By using the local vernacular and by invoking a god in whom they have unwavering faith, his goal was to ensure non-whitification and to point out the deficiencies of a large part of the black community, in their ecclesiastical language: “We’re not taking care of ourselves. We’re not taking care of our women. And we’re not taking care of our children when you have a community where 70 percent of its children are being born to one parent.”
[Why did no one stand up and applaud this part of his speech? Only there to take him down, huh?]
Instead, if Nagin had said, “Well, you see, given the level to which large portions of our parish are below sea level and our part of the country is susceptible to economic instability and hurricanes, we cannot definitively assess the business impact of repopulating a city to its previous proportion with the assurance of housing and jobs.” No, that would not have gone far. And would not have given his audience a lot to think about in terms of personal responsibility. From his flourish-addled speech, it seems to me that Nagin does not want to rebuild solely for the pre-K populace but for a racially-mixed and more aware set of people, be they black or white.
To New Orleans, I say this: What are you trying to rebuild? If you want that big town, with its diverse social characteristics, you cannot forget and underestimate its revivalist roots and branches. To you, the mayor should not use words that “offend,” yet this is the lingo of a large part of the city. You can’t have it both ways. Old-time culture and progress can co-exist, but only when its practitioners, in this case New Orleanians, understand the myriad different contexts that make up our strange city and absorb the concepts accordingly. There is no linear solution for New Orleans.

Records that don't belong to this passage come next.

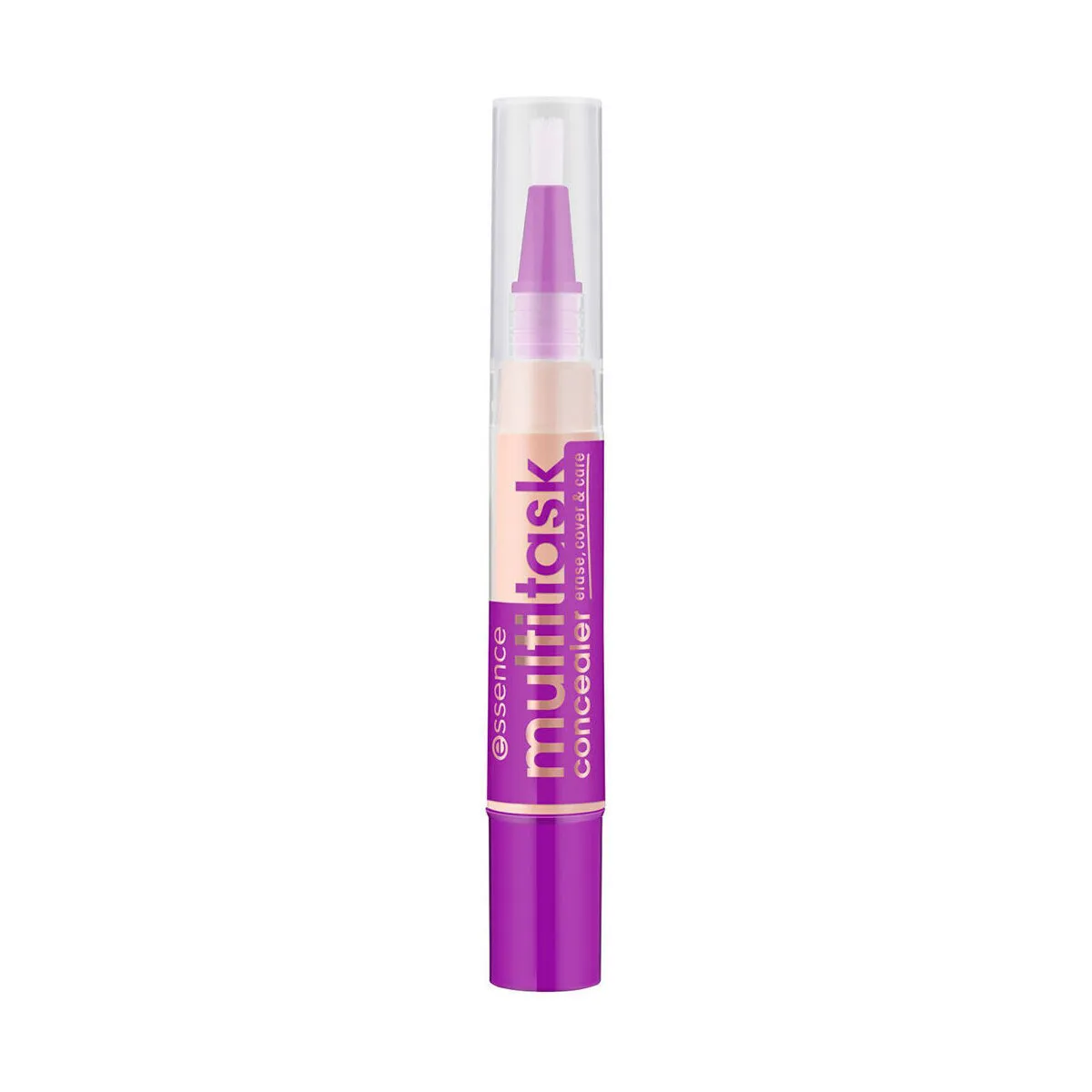 MULTITASK CORRECTOR MULTIUSOS 10PEACHY IVORY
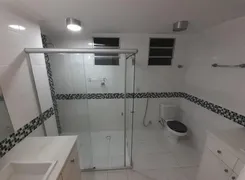 Apartamento com 3 Quartos à venda, 85m² no Vila Anglo Brasileira, São Paulo - Foto 14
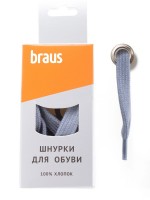  BRAUS 120   /10 - Braus -  ,    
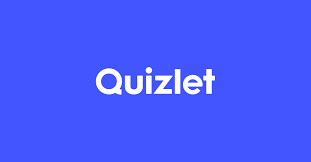 Quizlet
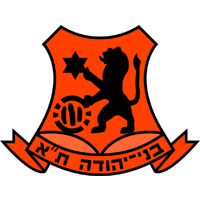 https://img.zssiji.com/img/football/team/5fef85669585b245680b96224fbff81f.png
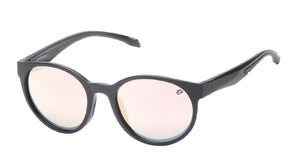 Urban Element Sandstone Sunglasses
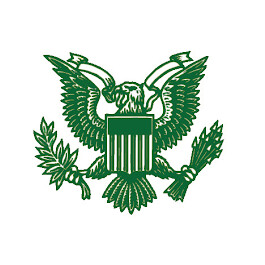 Eagle Self Storage Logo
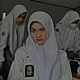 terbila bilaw_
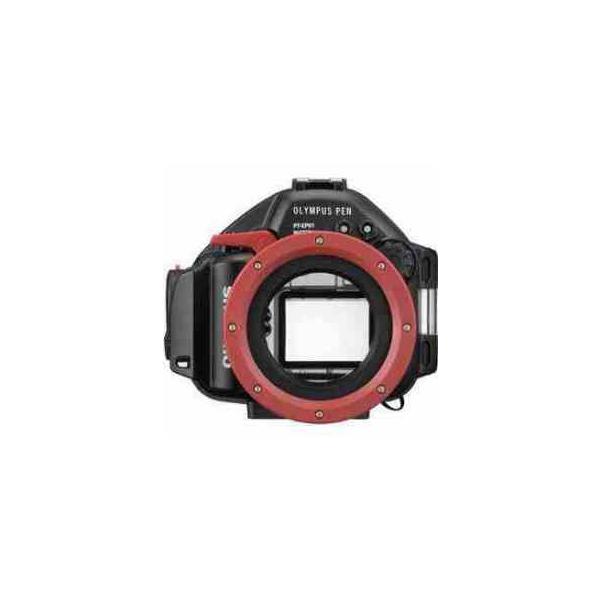 デジタルカメラ olympus E-PL1 Amazon | OLYMPUS ミラーレス一眼 PEN E-PL1レンズキット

To everyone else, I say this: The object of this post is not to excuse Nagin’s words. All I ask is that America and the world, again, appreciate the context in which any concept is utilized. I just cannot believe that most would summarily conflate Nagin’s God references with those of fundamentalist loonies.
In reaching out to his people with the realities and responsibilities that face them, Nagin swallowed his foot in the eyes of the rest of America. Worse, he shot himself in the other by apologizing for his speech, because he didn’t want his city to suffer a public relations nightmare.
What’s done is done.
Can we go back to rebuilding now? I’m glad to see that nola.com has reached beyond this drama with only a single mention of it on the front page. There is a lesson to be learned from all of this: even heart-shredding and brain-wracking disasters cannot cure the human ability to misprioritize.

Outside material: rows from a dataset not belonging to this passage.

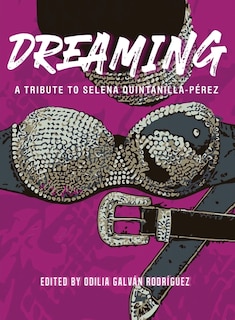 Couverture_Dreaming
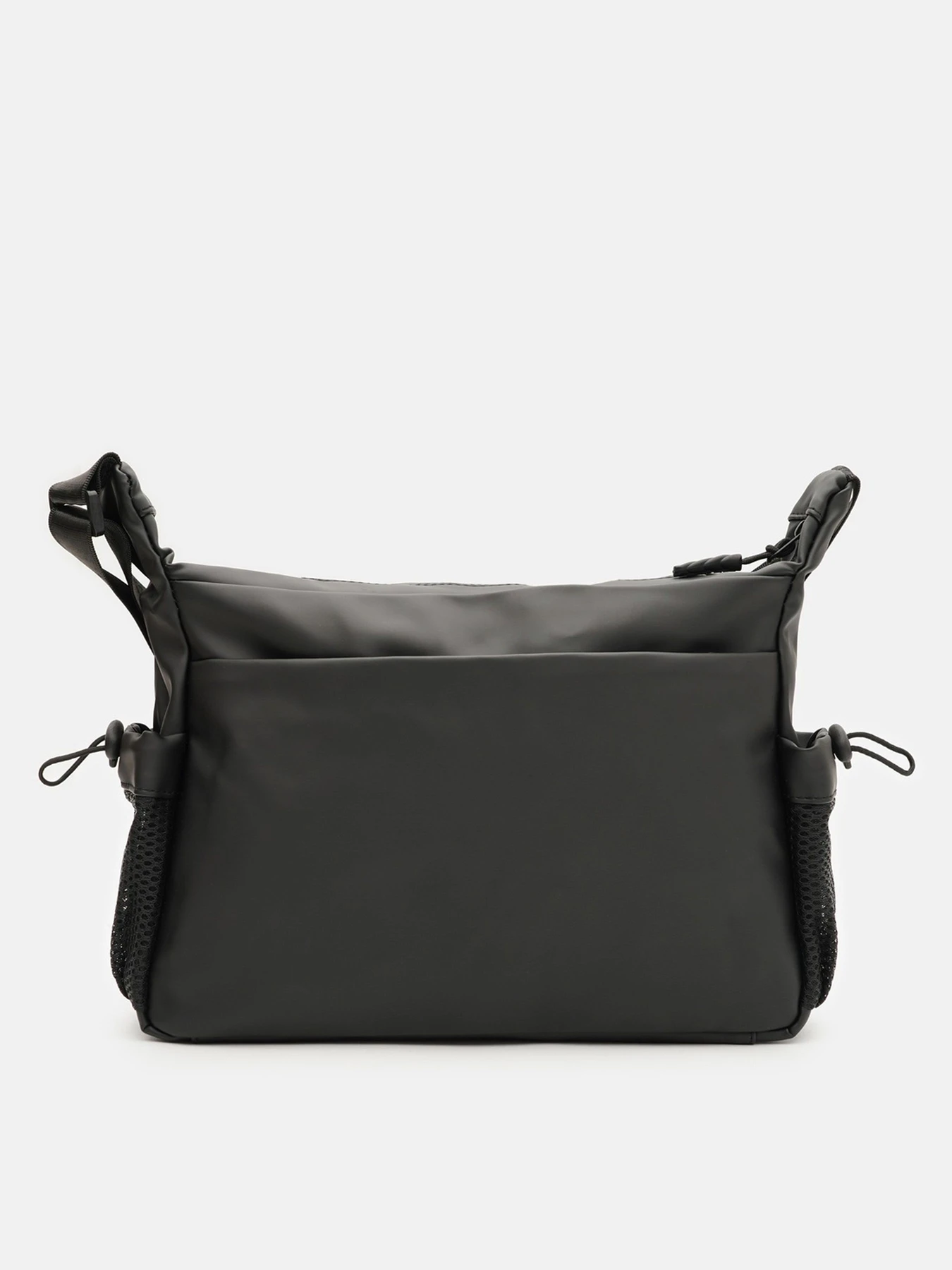Сумки RoyalBag модель ATN01-1036A Фото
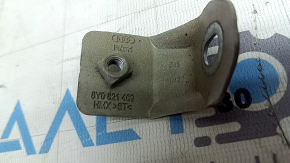 Suport aripă centrală stângă Audi A3 22-26 mic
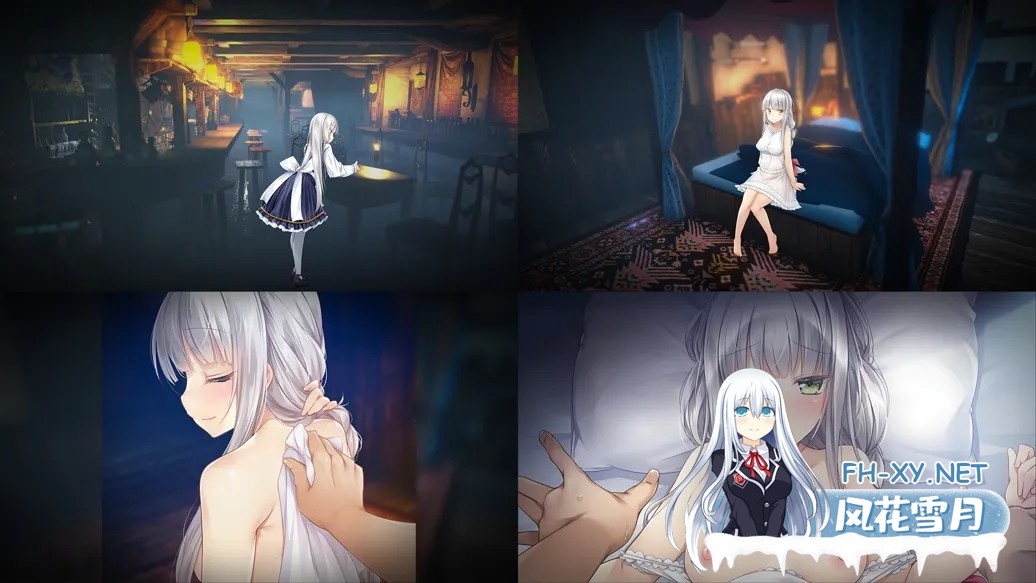 [日系SLG/官中/动态]堕落的崭新世界Fallen Brand New World Ver1.0.0 官方中文版[969M]-16.jpg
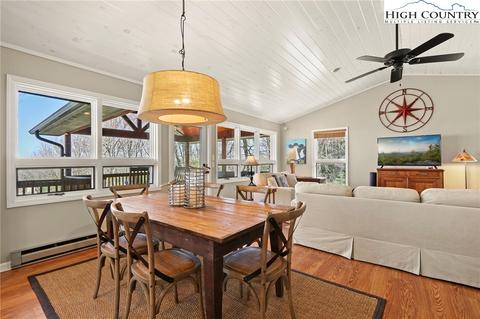 117 Saint Andrews Rd, Beech Mountain, NC 28604 photo 14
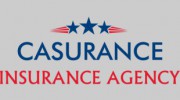 Casurance Insurance Service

Agreed on nola.com, but the Times-Picayune is all in the frey. The cholcoate fleur de lis in the living section? Feh.
Yeah, my pinko pals are all aghast that Nagin invokes the wrath of God, equating him with Robertson. Displaying, once again, that moral equivlence, lack of perspective, is now an improv art form for the left.
I came back to this city because Nagin asked. Yeah, no, really. It was a trigger. My out. When someone A2 asked my why I’d want to go back, I’d look them in the eye and say, the Mayor wants me back. It was my conversation stopper.
In the ‘chocolate’ speach, I think he was trying to tell the many displaced black citizens, that the rumors are false, that they are needed, we need them back too.
But the steel barricades on the public housing units tell a different story. (No, not that all black families live in public housing, but that’s a strong message. The message is reaching far and wide.)
What is it going to take to repatriate all New Orleanians?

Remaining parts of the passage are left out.